‘Senza mia sorella a scuola non ci vado’: così i bambini afgani guidano la rivoluzione culturale

Se le truppe occidentali hanno lasciato l’Afghanistan ritirandosi in maniera frettolosa e confusionaria, c’è comunque chi non arretra dinanzi al ritorno al potere dei Talebani. Sono i bambini, i ragazzi, che negli ultimi giorni hanno rifiutato di tornare a scuola senza le loro compagne di classe. Il nuovo governo afgano, infatti, ha già fatto sapere che le bambine non potranno frequentare la scuola.

La campagna social: “Senza mia sorella a scuola non ci vado”

L’oscurantismo talebano teme la diffusione della cultura, ben consapevole del suo potere liberatorio. Così nel mirino finiscono i diritti delle donne, delle bambine che non potranno realizzare ciò che alle nostre latitudini rappresenta la normalità, ma in Afghanistan è un sogno: andare a scuola.

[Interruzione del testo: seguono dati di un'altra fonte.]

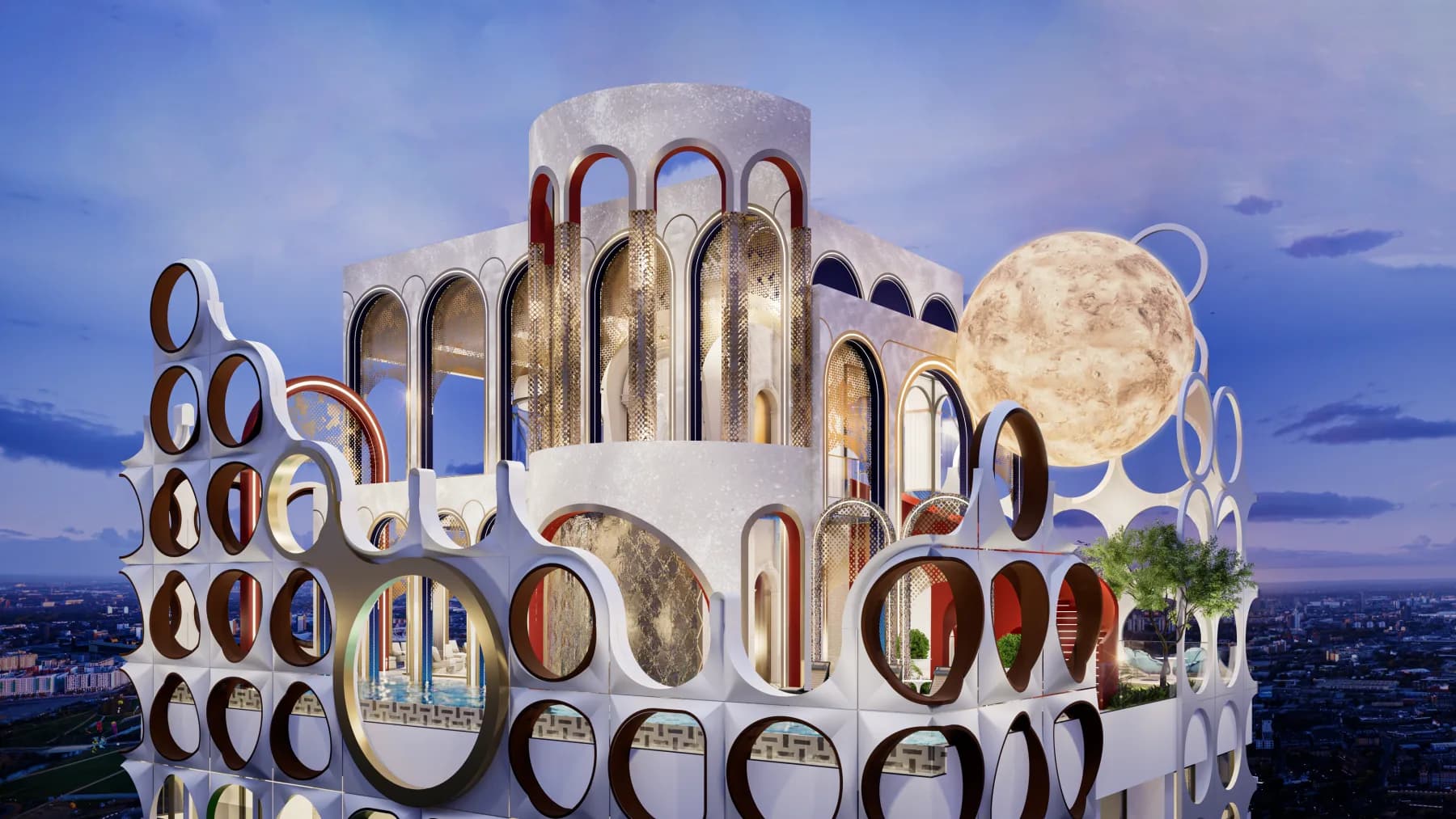 Time Square 11 curated listing cover image in BKK3, Phnom Penh 1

I vertici dell’Emirato Islamico hanno già dato disposizione di riaprire alcuni istituti, ma allo stato attuale non è prevista la presenza delle bambine. A ribellarsi, guidando quella che può essere definita una vera e propria rivoluzione culturale, sono gli afgani di domani: i bambini.

Proprio loro che fino ad oggi non hanno mai conosciuto il regime talebano, nati quando le truppe occidentali già garantivano la sicurezza in molte aree del Paese, hanno rifiutato l’idea di tornare tra i banchi senza le loro compagne di sempre. Così è nata sui social la campagna caratterizzata dall’hashtag “#withoutmysisteriwillnotgotoschool“, ovvero “senza mia sorella a scuola non ci vado”.

Il coraggio dei bambini afgani

Grande coraggio: è quello che stanno dimostrando i tantissimi bambini afgani che mostrano sui social il loro volto insieme a cartelli scritti in lingua pashtun (quella parlata in alcune aree dell’Afghanistan) o in inglese per manifestare la loro contrarietà rispetto all’idea di andare a scuola senza le amiche o le sorelline.

I Talebani in questo senso sono stati chiari: anche per le classi universitarie o per i corsi post-laurea, non daranno la possibilità di formare classi miste composte da uomini e donne. Lo vieta la sharia, la legge islamica di cui gli “studenti coranici” danno una ferrea interpretazione. Nella pancia del Paese, però, qualcosa si muove: i giovani non vogliono sottostare a queste regole. Forse questa reazione potrà ottenere più risultati di vent’anni di guerra.